Staff of The Washington Post - For urgent and illuminating coverage of the July 13 attempt to assassinate then-presidential candidate Donald Trump, including detailed story-telling and sharp analysis that coupled traditional police reporting with audio and visual forensics.

Investigative Reporting

Staff of Reuters - For a boldly reported expose of lax regulation in the US and abroad that makes fentanyl, one of the world’s deadliest drugs, inexpensive and widely available to users in the United States.

National Reporting

Staff of The Wall Street Journal - For chronicling political and personal shifts of the richest person in the world, Elon Musk, including his turn to conservative politics, his use of legal and illegal drugs and his private conversations with Russian President Vladimir Putin.

Books, Drama & Music

Fiction

‘James’, by Percival Everett - An accomplished reconsideration of ‘Huckleberry Finn’ that gives agency to Jim to illustrate the absurdity of racial supremacy and provide a new take on the search for family and freedom.

Drama

‘Purpose’, by Branden Jacobs-Jenkins - A play about the complex dynamics and legacy of an upper middle class African-American family whose patriarch was a key figure in the Civil Rights Movement, a skillful blend of drama and comedy that probes how different generations define heritage.

History

‘Combee: Harriet Tubman, the Combahee River Raid, and Black Freedom During the Civil War’, by Edda L. Fields-Black - A richly-textured and revelatory account of a slave rebellion that brought 756 enslaved people to freedom in a single day, weaving military strategy and family history with the transition from bondage to freedom.

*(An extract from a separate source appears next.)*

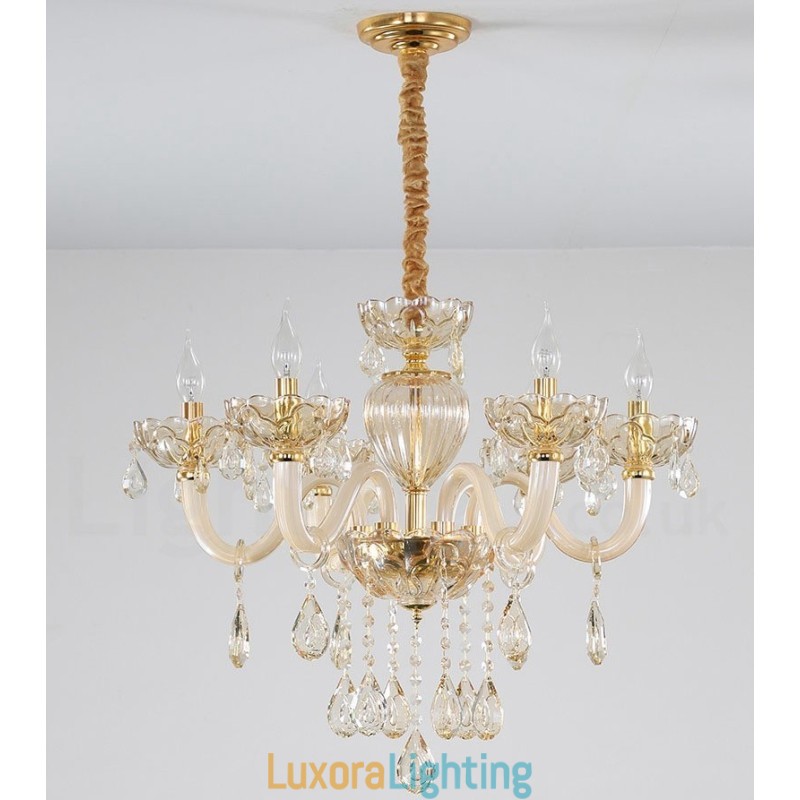 Designer Touch Decorative 6 Light Champagne Colour Crystal Candle Chandelier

‘Native Nations: A Millennium in North America’, by Kathleen DuVal - A panoramic portrait of Native American nations and communities over a thousand years, a vivid and accessible account of their endurance, ingenuity and achievement in the face of conflict and dispossession.

Biography

‘Every Living Thing: The Great and Deadly Race to Know All Life’, by Jason Roberts - A beautifully written double biography of Carl Linnaeus and Georges-Louis de Buffon, 18th century  contemporaries who devoted their lives to identifying and describing nature’s secrets, and who continue to influence how we understand the world.

Memoir or Autobiography

‘Feeding Ghosts: A Graphic Memoir’, by Tessa Hulls - An affecting work of literary art and discovery whose illustrations bring to life three generations of Chinese women – the author, her mother and grandmother, and the experience of trauma handed down with family histories.

Poetry

‘New and Selected Poems’, by Marie Howe - A collection drawn from decades of work that mines the day-to-day modern experience for evidence of our shared loneliness, mortality and holiness.

General Non-fiction

‘To the Success of Our Hopeless Cause: The Many Lives of the Soviet Dissident Movement’, by Benjamin Nathans - A prodigiously researched and revealing history of Soviet dissent, how it was repeatedly put down and came to life again, populated by a sprawling cast of courageous people dedicated to fighting for threatened freedoms and hard-earned rights.

Music

‘Sky Islands’, by Susie Ibarra - Premiered on July 18, 2024 at the Asia Society, New York, a work about ecosystems and biodiversity, that challenges the notion of the compositional voice by interweaving the profound musicianship and improvisational skills of a soloist as a creative tool.